(SUPPLIED DATA)

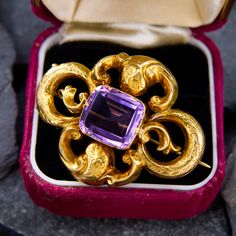 This fabulous brooch features a light purple cushion cut amethyst set into a flourished setting with engraved floral details. The purple color and the unpolished yellow gold complement each other beautifully. The pin is crafted in 10k yellow gold and is complete with a 14k gold C-clasp closure. Victorian Yellow Gold Brooches With Gemstone, Elegant Purple Gemstone Brooches, Luxury Purple Brooches For Formal Occasion, Antique Yellow Gold Brooches With Gemstone, Heirloom Yellow Gold Gemstone Brooches, Purple Gemstone Brooches For Weddings, Purple Gemstone Wedding Brooches, Elegant Amethyst Brooches For Wedding, Art Nouveau Formal Jewelry Brooch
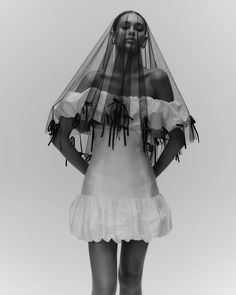 black and white photograph of a woman wearing a veil over her head, standing in front of the camera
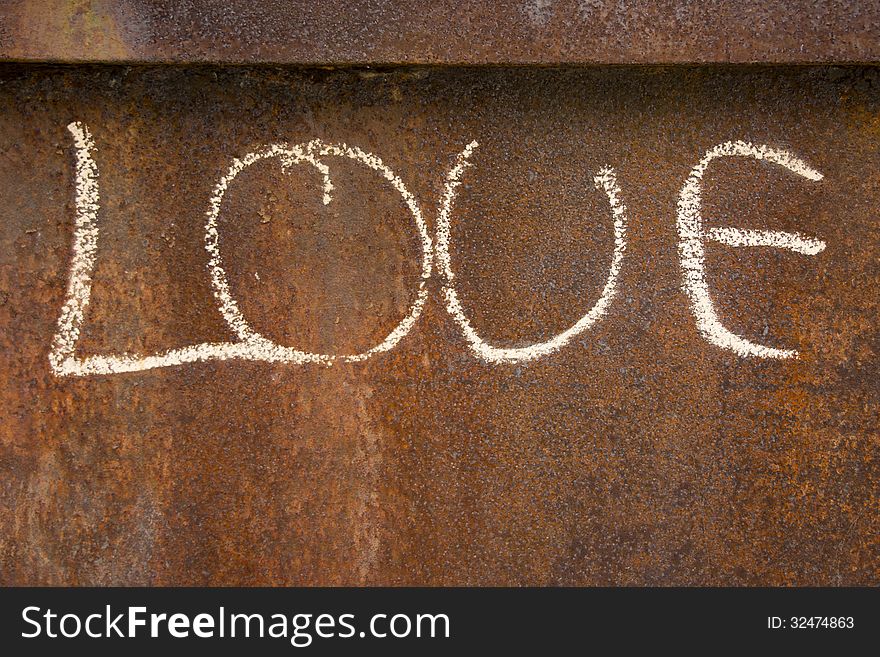 Love written on a rusty surface. Love written on a rusty surface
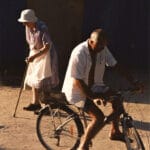 Homme âgé à vélo passant devant une femme âgée marchant avec une canne.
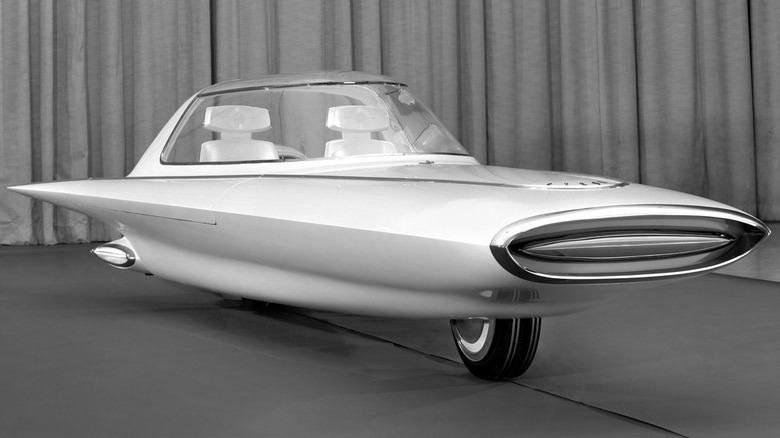 Чорно-біле фото концепт-кара 1961 Ford Gyron, що показує його двоколісний гіроскопічно збалансований корпус-шпиндель, широкий горизонтальний обтічник передньої решітки та кабіну-бульбашу в стилі реактивної епохи.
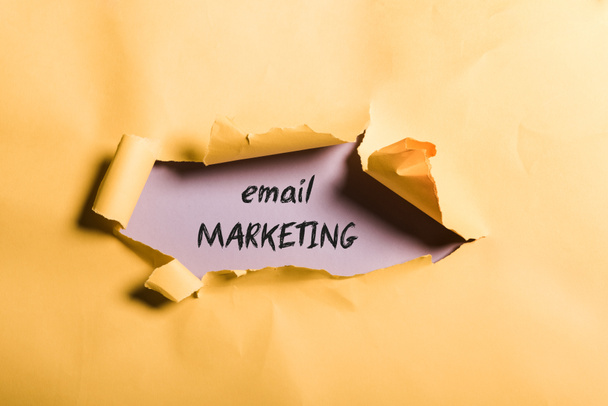 potrhaný oranžový papír s e-mailovým marketingovým písmem a válcovaný okraj na purpurové  - Fotografie, Obrázek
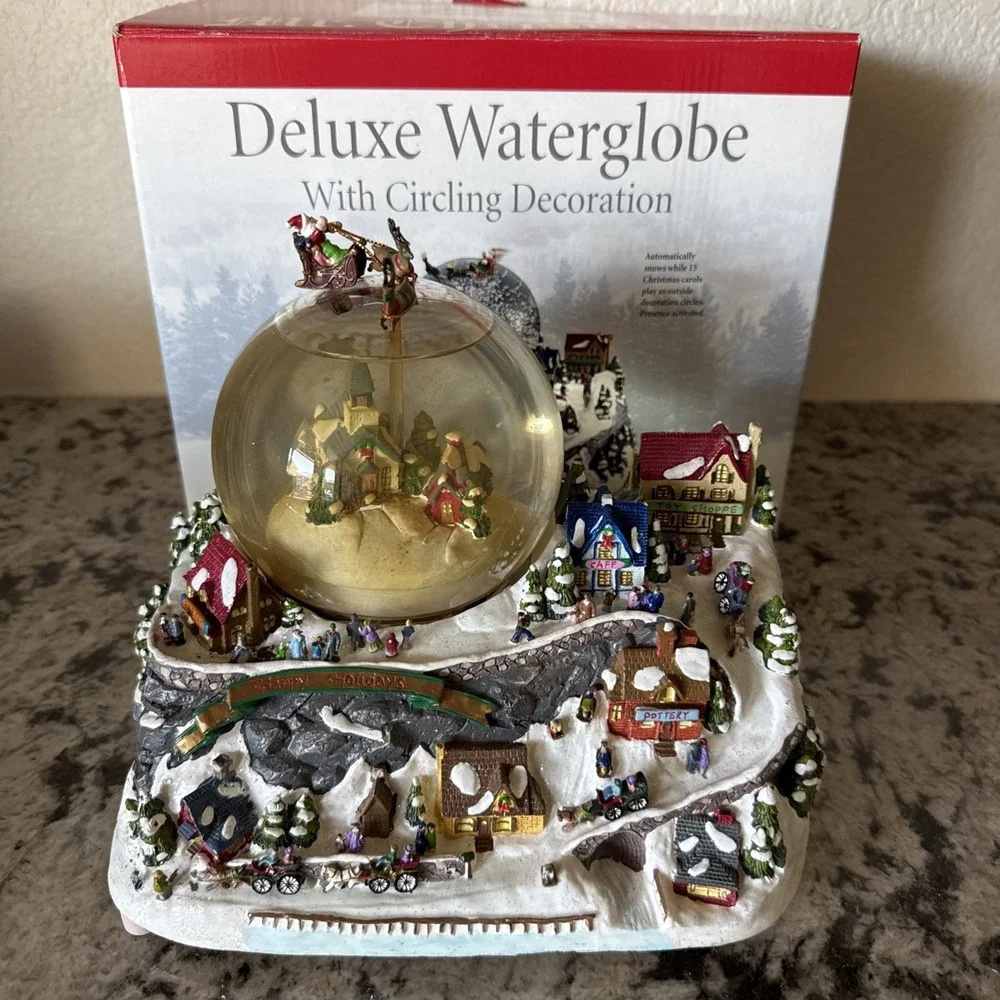 Mr Christmas Holiday Snow Globe Musical Water Globe With Circling Decoration.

(End SUPPLIED DATA)

▸ WHAT IS REQUIRED: Please repeat the listing precisely, excluding the pictures it contains.

▸ REPLY TO THE EXERCISE:
 This fabulous brooch features a light purple cushion cut amethyst set into a flourished setting with engraved floral details. The purple color and the unpolished yellow gold complement each other beautifully. The pin is crafted in 10k yellow gold and is complete with a 14k gold C-clasp closure. Victorian Yellow Gold Brooches With Gemstone, Elegant Purple Gemstone Brooches, Luxury Purple Brooches For Formal Occasion, Antique Yellow Gold Brooches With Gemstone, Heirloom Yellow Gold Gemstone Brooches, Purple Gemstone Brooches For Weddings, Purple Gemstone Wedding Brooches, Elegant Amethyst Brooches For Wedding, Art Nouveau Formal Jewelry Brooch
 black and white photograph of a woman wearing a veil over her head, standing in front of the camera
 Love written on a rusty surface. Love written on a rusty surface
 Homme âgé à vélo passant devant une femme âgée marchant avec une canne.
 Чорно-біле фото концепт-кара 1961 Ford Gyron, що показує його двоколісний гіроскопічно збалансований корпус-шпиндель, широкий горизонтальний обтічник передньої решітки та кабіну-бульбашу в стилі реактивної епохи.
 potrhaný oranžový papír s e-mailovým marketingovým písmem a válcovaný okraj na purpurové  - Fotografie, Obrázek
 Mr Christmas Holiday Snow Globe Musical Water Globe With Circling Decoration.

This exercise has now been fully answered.